Less awe-inspiring but still solid was the Hackney Brewery’s Golden Ale. A much more traditional number than the Summit IPA, it was generally clear but bore the tiniest hint of cloudiness to nod at its bottle conditioning. Aromas were subdued and gently hoppy, while the palate was light and refreshing with a clean bitter finish, much less subdued and persistent than its London Field’s comrade. Perhaps there was a bit of elderflower somewhere in there, but mostly this was an easy-drinking number that, if a bit unremarkable, was deemed by Al to be “quite nice” – a high accolade for a bitter indeed – and partnered amicably to the fine weather. Their American Pale Ale was slightly less well received, with the general consensus being that it was a bit heavy on the Burton water aromas – in other words, it smelt a bit eggy. Of course, that’s not necessarily a bad thing, as any real beer head will tell you, but it is enough to put off casual ale drinkers, which this event seemed to have in abundance. Perhaps an experiment or two with a keg is in order to help attract a wider audience?

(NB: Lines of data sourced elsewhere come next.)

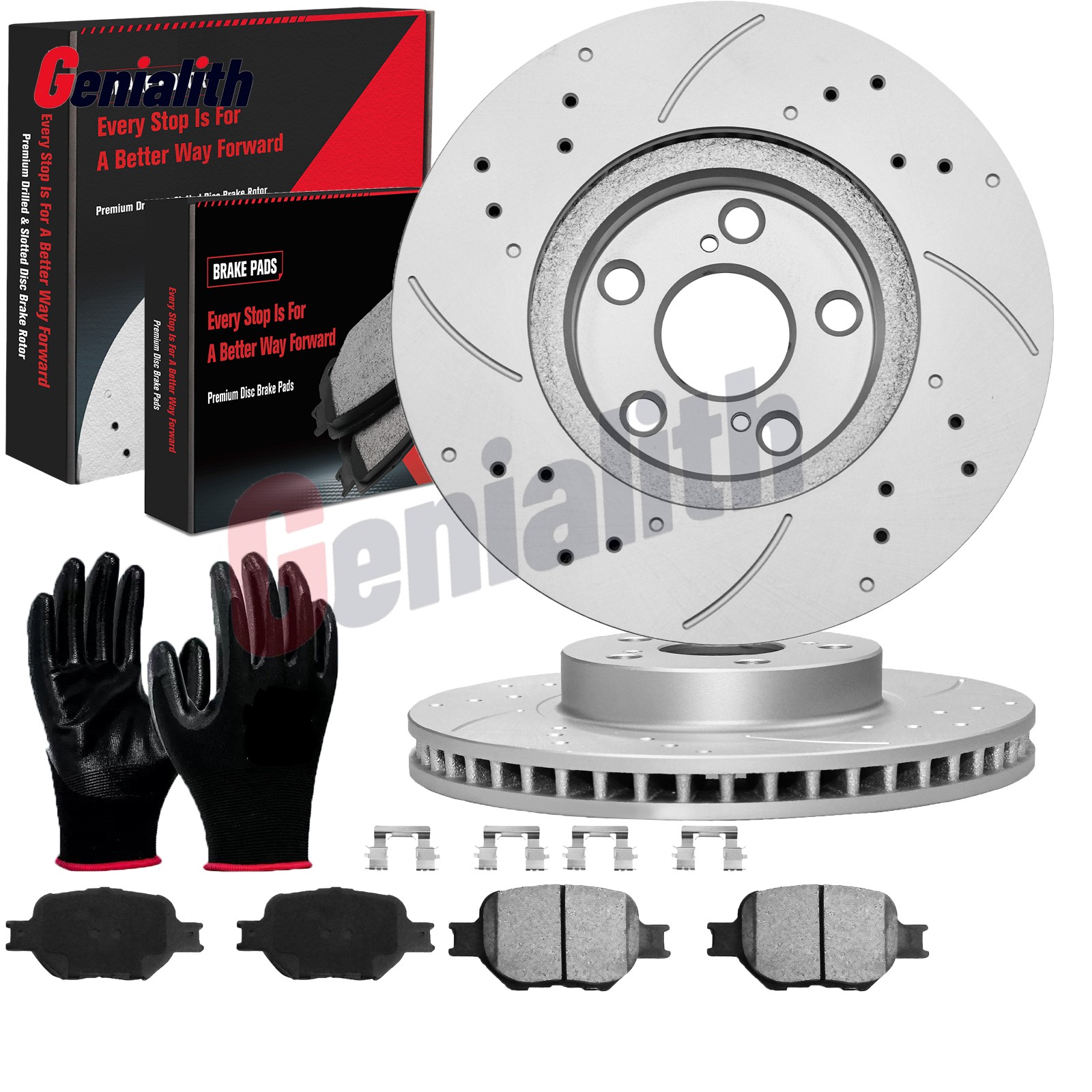 For Toyota Celica 2000 – 2005 Front Drilled Slotted Rotors + Ceramic Brake Pads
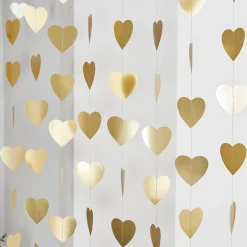 Gold Heart Backdrop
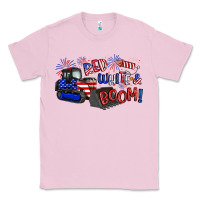 Bubblegum Pink red white and boom Classic Tee - Artiststas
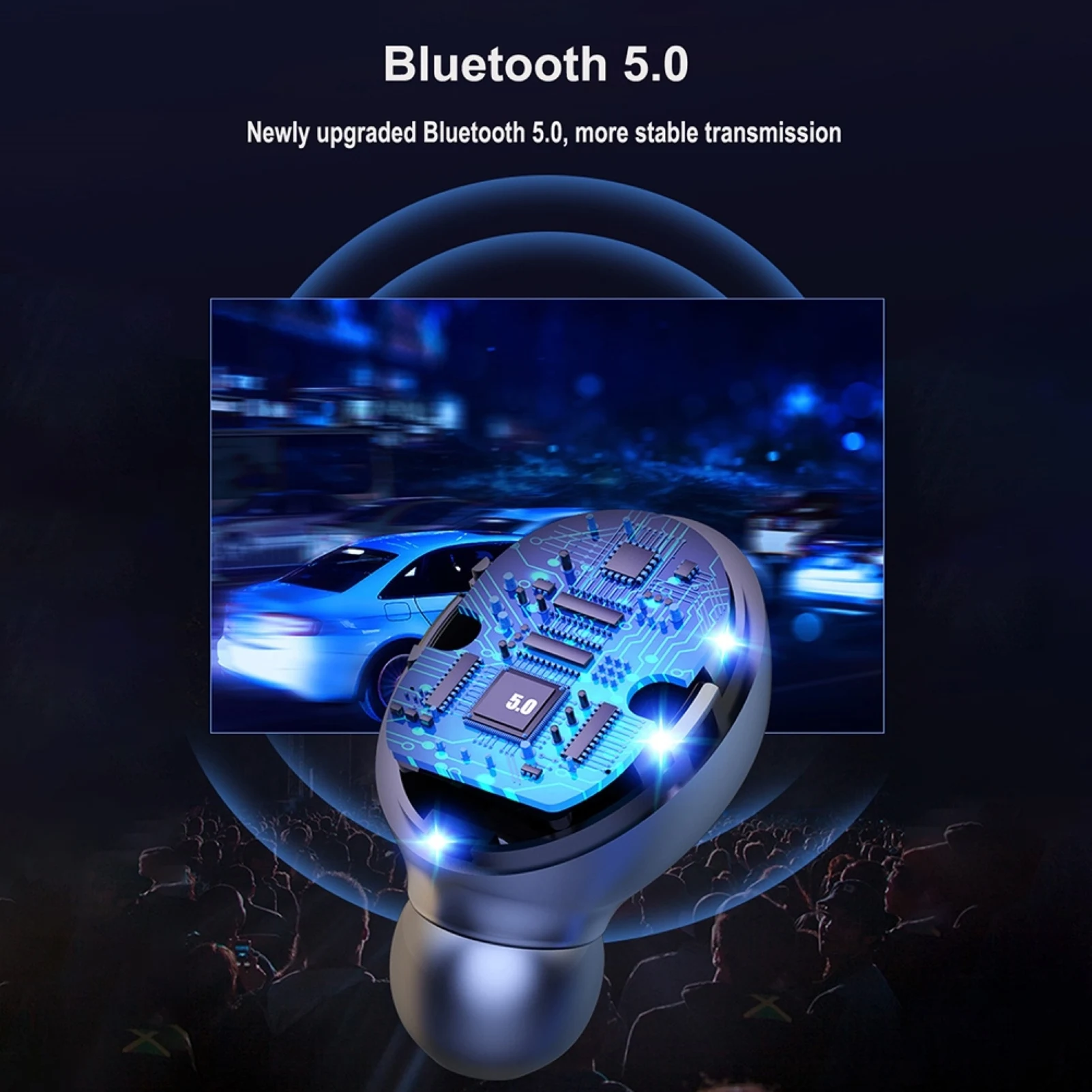 TWS Bluetooth Earphone V5 0 9D Stereo Wireless Headphones Sport Waterproof Earphones Mini True Wireless Earbuds for cellphone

The wild card was Ellenberg’s Brewery, who I must admit I was unaware of prior to Saturday's excesses. Copious amounts of Googling and other research (if other forms of research still exist) since has turned up little more than what was on the vague but attractive label: something about North-west London and a possible address in Greenford. This little mystery only added to my present and past tense enjoyment of their Two Arches Dark Wit, as spectacular an interpretation of the classic Germanic wheat style as I have had in a long time. Taste-wise, it was possibly even better than Camden Town’s offering if, at this stage, slightly less refined. Aromas of chunky orange zest immediately tempted and led to a palate that was a massive but dynamic mash-up: banana was a dominate flavour, while tropical fruits – perhaps lychee? – were also represented and all rounded off with shed loads of spice like clove, coriander, and black pepper. I’m a big fan of wheat beers and this was a pretty stunning example, with only the colour being less than totally sexy. Still, at least it helps weed out the pretenders from us dedicated craft beer piss-heads:
All in all, it was a pretty perfect afternoon. It doesn’t often get much better than quaffing an inspired selection of quality craft beer, including some hitherto alien numbers, in an atmospheric establishment on a relatively balmy afternoon. I think I always enjoy boozy festivals the most when they are held in pubs and The Sebright Arms boasts an effortlessly relaxed yet still a bit buzzy ambiance, something not even a conference centre run by Russell Norman could manage. The bar team were friendly and knowledge, the music rowdy without being overwhelming and, of course, there were the Lucky Chip burgers to soak up all the lovely booze: nicely pink and juicy, suitably messy, and 100% trailer park gourmet. Not only that, they arrived in around half an hour, hardly a bad showing given the scrum that had evolved by the time we ordered. My flatmate went as far as to deem his Sheen (it had a different name at the Sebright, but it’s a Sheen to me) “possibly the best burger ever” and the girls’ veggie numbers looked a cut above the average token bean mush generally peddled at meat-driven establishments.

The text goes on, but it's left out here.